_WORK REQUEST:_ Copy the listing in full and exactly, omitting its images.

_LISTED RECORDS:_
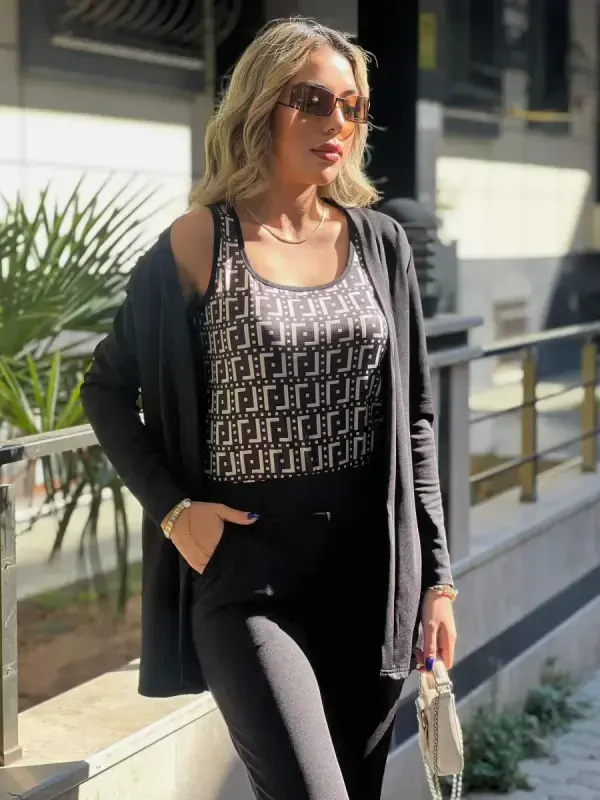 Women's Long Sleeve Crepe Three Piece Set - 5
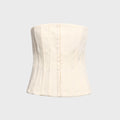 GUIZIO Eliane Lace Embellished Satin Corset Top - Ivory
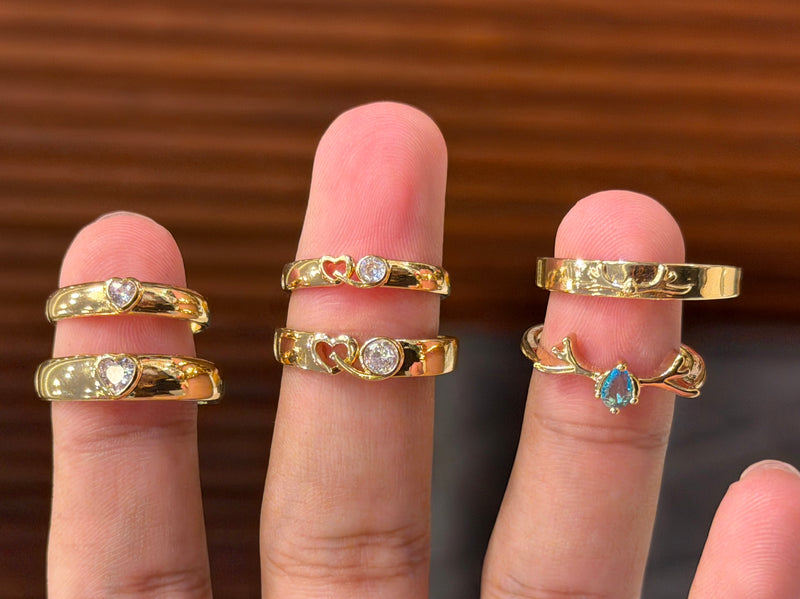 6 rings combo ( 3 pairs) adjustable ❤️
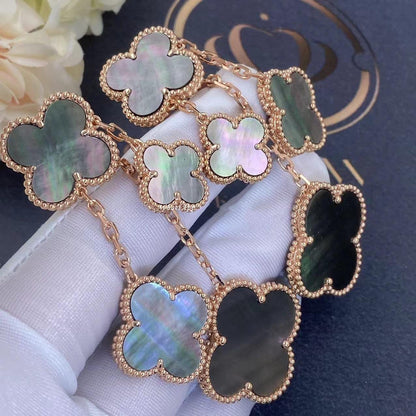 [Olivia Jewelry]CLOVER EARRINGS DARK MOP 4 MOTIFS ROSE GOLD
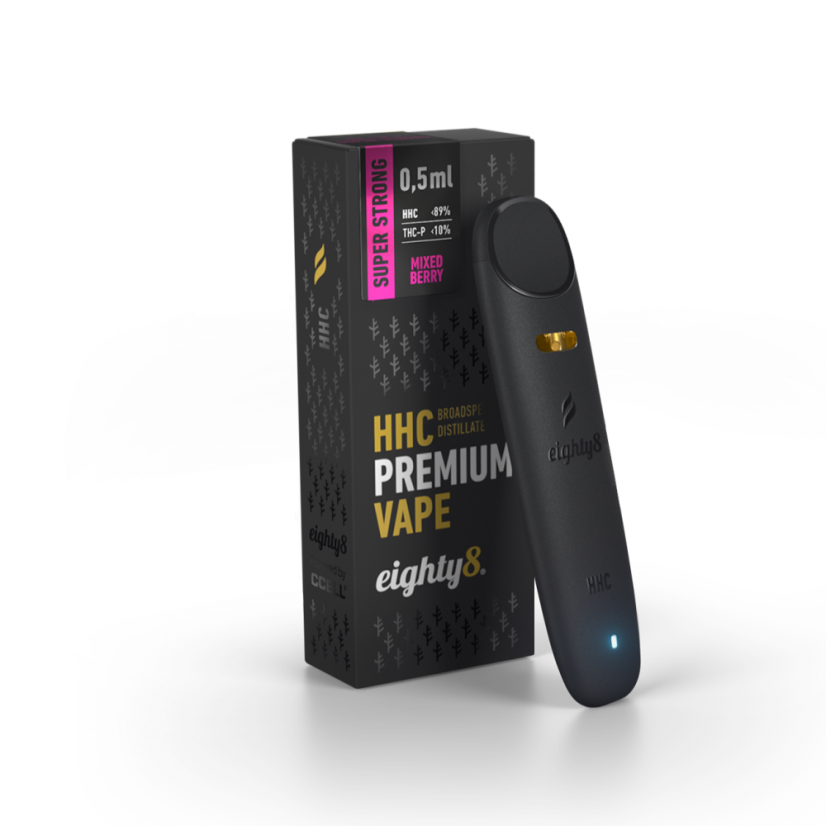 Eighty8 სუპერძლიერი HHC Vape Mixed Berry, 89% HHC, 10% THCP, CCELL, 0,5 მლ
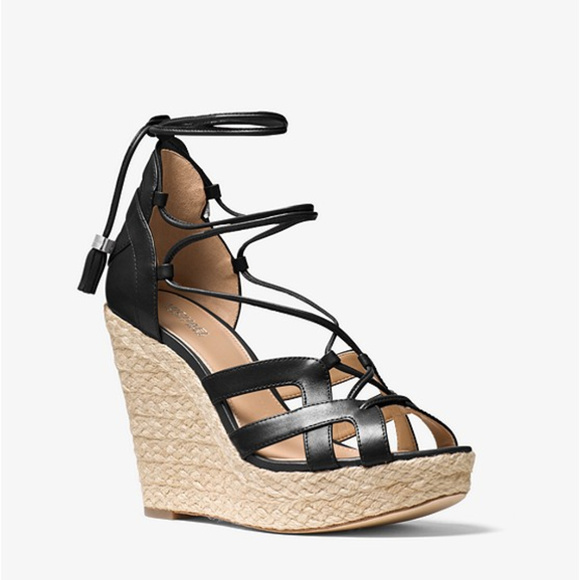 MICHAEL KORS Lace Up Platform Wedge Sandals - Picture 2 of 11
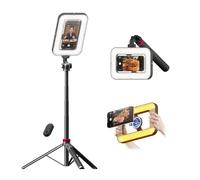 Tripod for iPhone with Light, Portable 15W Ring Light with Stand and Phone Holder for Video Recording, 6000mAh Magnetic Phone Tripod with Light 2500K-9000K for Food Hunt,Mukbang Video,Vlogging,CRI＞95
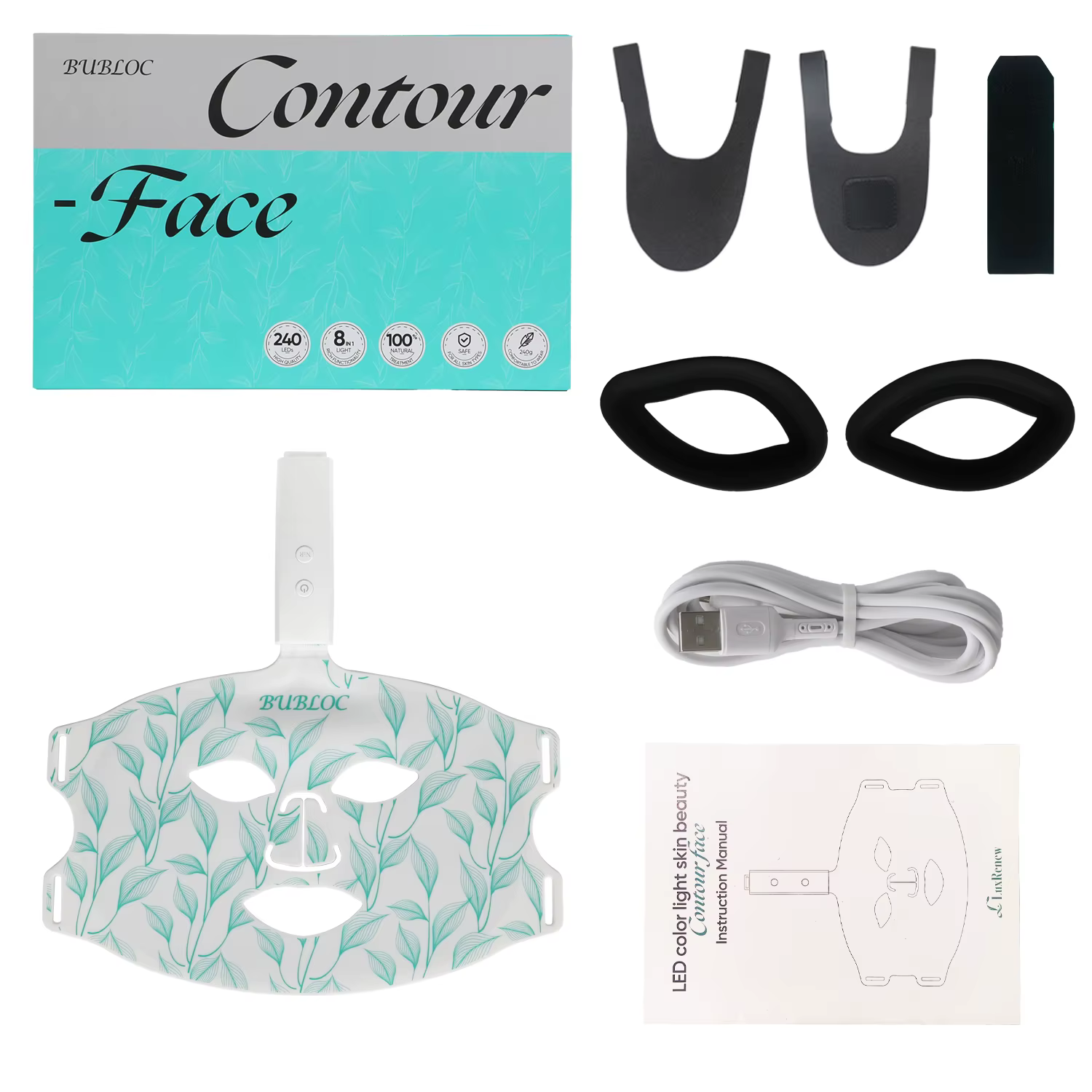 Masque facial LED 8 couleurs portable en silicone LED lumière rouge thérapie proche infrarouge pour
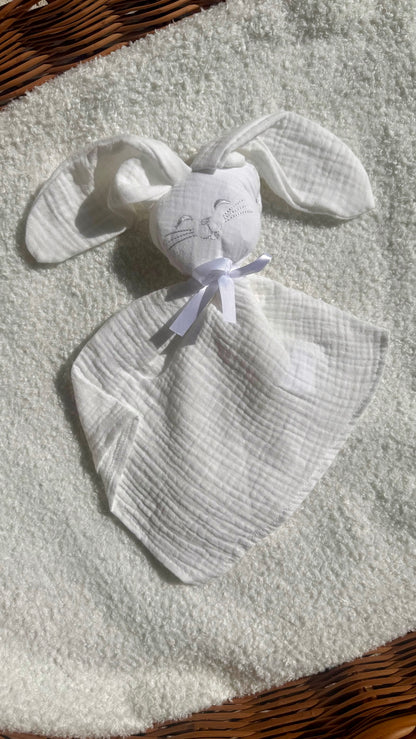 Gaze de coton OEKO-TEX – doudou lapin douceur naissance-blanc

_FINISHED TASK:_
 Women's Long Sleeve Crepe Three Piece Set - 5
 GUIZIO Eliane Lace Embellished Satin Corset Top - Ivory
 6 rings combo ( 3 pairs) adjustable ❤️
 [Olivia Jewelry]CLOVER EARRINGS DARK MOP 4 MOTIFS ROSE GOLD
 Eighty8 სუპერძლიერი HHC Vape Mixed Berry, 89% HHC, 10% THCP, CCELL, 0,5 მლ
 MICHAEL KORS Lace Up Platform Wedge Sandals - Picture 2 of 11
 Tripod for iPhone with Light, Portable 15W Ring Light with Stand and Phone Holder for Video Recording, 6000mAh Magnetic Phone Tripod with Light 2500K-9000K for Food Hunt,Mukbang Video,Vlogging,CRI＞95
 Masque facial LED 8 couleurs portable en silicone LED lumière rouge thérapie proche infrarouge pour
 Gaze de coton OEKO-TEX – doudou lapin douceur naissance-blanc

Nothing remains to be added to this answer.